Sages Severus-Biographie bietet eine solide und durch ihre gut eingeflochtenen Exkurse informative Darstellung, die den durch den Titel geweckten Erwartungshorizont durchaus erfüllt. [7] Allerdings hätte eine gründliche Durchsicht vor dem Erscheinen die nicht wenigen Druck- und Sachfehler vermeiden können. [8] Eine die zahlreichen jüngeren Arbeiten zur Repräsentation der kaiserlichen Familie, dem höfischen Leben und der Rolle des Militärs einbeziehende Abhandlung zu Septimius Severus bleibt daher weiterhin ein Desiderat.


Anmerkungen:

[1] Anthony R. Birley: Septimius Severus. The African Emperor, rev. Aufl. London / New York 1999; in der allgemeinen Literaturliste fehlt Jörg Spielvogel: Septimius Severus, Darmstadt 2006.

[2] Auf Seite 167 ist der Inhalt der Anm. 2 und 4 vertauscht.

[3] "He also accepted the title of Caesar for his son" (38) missversteht HA P 6,9, da der Senat ihn zum Caesar ernannte, Pertinax dies aber zurückwies; bezeugt ist der Titel allerdings auf einigen Inschriften.

[4] Die Unternehmungen des Vallius Maximianus in der Baetica und Mauretania Tingitana gehören nicht in die Zeit nach dem Sieg über Clodius Albinus (74), sondern in die letzten Jahre Mark Aurels (vgl. Andreas Gutsfeld: Römische Herrschaft und einheimischer Widerstand in Nordafrika. Militärische Auseinandersetzungen Roms mit den Nomaden, Stuttgart 1989, 116f.).

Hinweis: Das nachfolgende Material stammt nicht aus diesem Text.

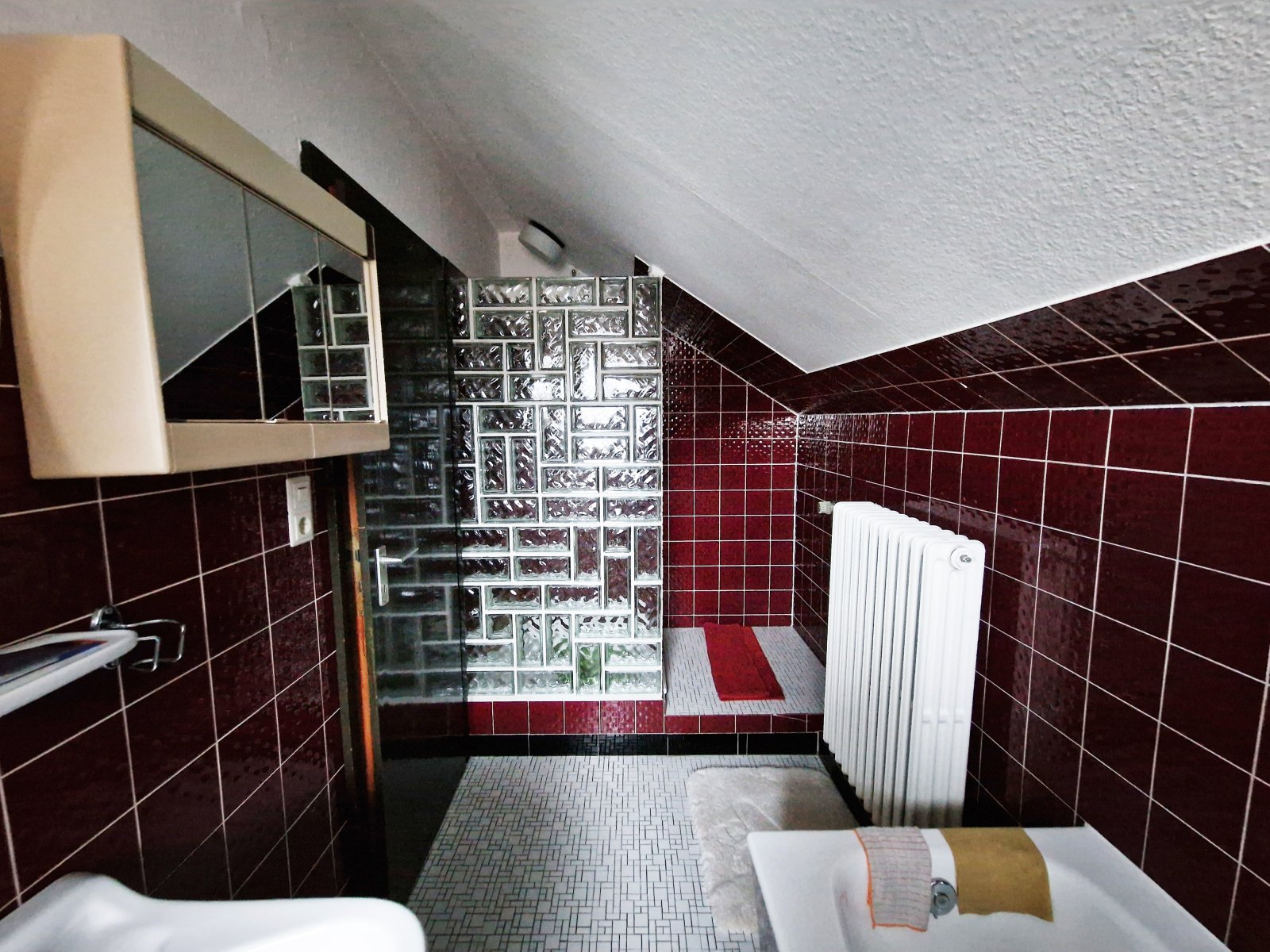 ***verkauft***Zeitlos geschnittenes Einfamilienhaus mit Wintergarten in Löhne-Mennighüffen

[5] Hier hätten die Untersuchungen von Danuta Okoń berücksichtigt werden sollen (z.B. Danuta Okoń: Septimius Severus et senatores. Septimius Severus' Personal Policy towards Senators in the Light of Prosopographic Research, Stettin 2012).

[6] Dazu jetzt Jussi Rantala: The Ludi saeculares of Septimius Severus. The Ideologies of a New Roman Empire, London / New York 2017.

[7] Wie schwierig eine adäquate Darstellung - im Vergleich zu Birley - ist, zeigt die Rezension zu Spielvogel (wie Anm. 1) von Ulrich Lambrecht, in: H-Soz-Kult, 18.12.2006 (www.hsozkult.de/publicationreview/id/reb-9157; zuletzt aufgerufen am 12.02.2022), der dessen psychohistorischen Ansatz und Umgang mit den Quellen scharf kritisiert.

[8] Zu nennen wären u. a.: Tiberius Claudius Pompeianus statt Titus Claudius Pompeianus (21), legio VI Victrix statt legio VI Valeria Victrix (24), legio IV Scythica statt legio IV Augusta (29), Helvius Pertinax statt Helvetius Pertinax (33), Hadrumetum statt Hadrumentum (41, 45, 101, Index), "torn to pieces" statt "torn to prices" (47), Valerianus statt Valentinus (60 und 186, Anm. 41), Galsterer statt Glasterer (156), p. 21 statt p. 2 (172, Anm. 2).